A clear admission is always useful, specially when it comes from the Minister for Planning. The report reads : "On the vexed question of prices. Mr. Nanda said that one of the reasons for the rise in prices during the Second Plan was that deficit financing had increased out of proportion." This is an answer to all the ignorant talk of Congress bosses at lower levels that the printing of notes at Nasik did not matter, and, indeed, that it was good for the poor people who got more money thereby.
It is unfortunately far too easy to bamboozle our people and steal their votes. But it is lucky that there is an honest man somewhere who, in spite of much muddle, retains his respect for truth. Deficit financing, which is another name for the printing of: currency to overbalance production and to obtain human labour: cheap, is at least 'one of the reasons’ for the rise in prices.
Now what did Mr. Nanda say next? He said that indirect taxation during the last ten years had been responsible for an annual increase of prices by half a per cent. The word 'annual' means a progressive half a per cent. How he was advised, and on what nice calculation, to reach this precise half a per cent will be a mystery.

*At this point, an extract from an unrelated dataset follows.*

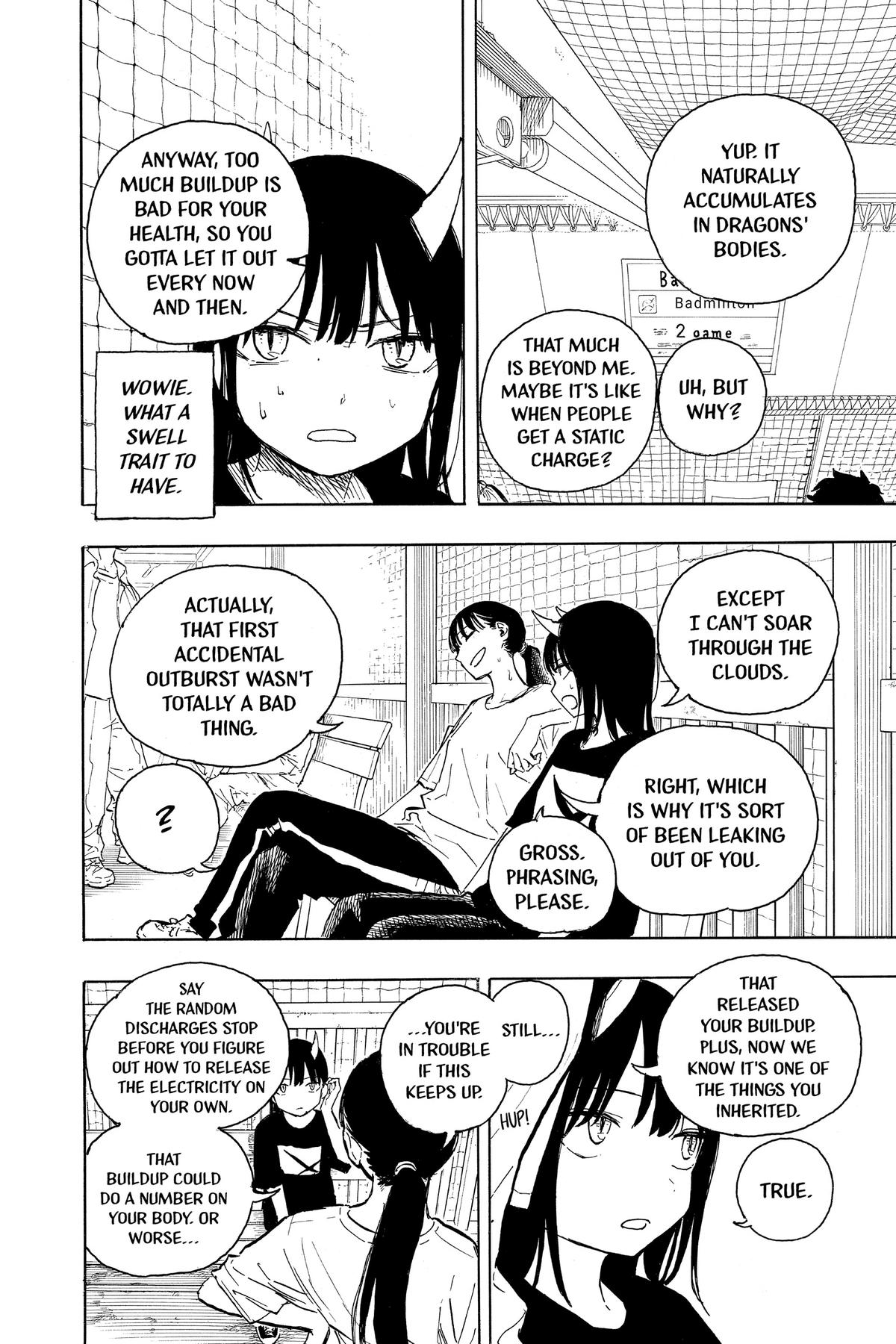 Read RuriDragon Manga Online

But that apart, it is clear the Government is making up for it by increased indirect taxation during the period of the 3rd, 4th, 5th, 6th, etc., plans.
It is either deficit financing or indirect taxation or both, and it is no comfort to the poor man that the operation shifts from one to the other according to the whim of the grand operator. The Plain report explicitly admits there will be a rise in prices but promises to keep it in check by physical controls and other methods.
There is an innocent belief that the Government at the Centre or those in the States can somehow 'check' prices and 'hold the price line', and appeals are made in the press for this being done at once. This physical holding of the price line is an illusion which, if allowed to prevail, will only lead to more black- marketing as well as high prices. Holding the price line is not a circus trick. It means reversing policies.
The Planning Commission believes in what it calls "institutional changes" to control prices, that is to say, in the transfer of the distribution business from private and individual hands to co-operative and State agencies. This would result in monopolies and plenty of mismanagement. The limited safeguard against undue exploitation which is inherent in the competition of the free market will be lost and there will be more black- marketing-witness the cement business, a scandal that everybody now knows but which is still unabated.
The payments position having become difficult, we have secured what may be deemed a concession that payments to some of our foreign creditors may be in Indian currency. Apart from the possibility of such rupees going to help subversion, it will certainly add to the inflation and the upward flight of prices.
All this is melancholy but one cannot help warning where warning needs to be given. To flatter or suppress truth in fear of something is not patriotism but the opposite of it, viz., treason.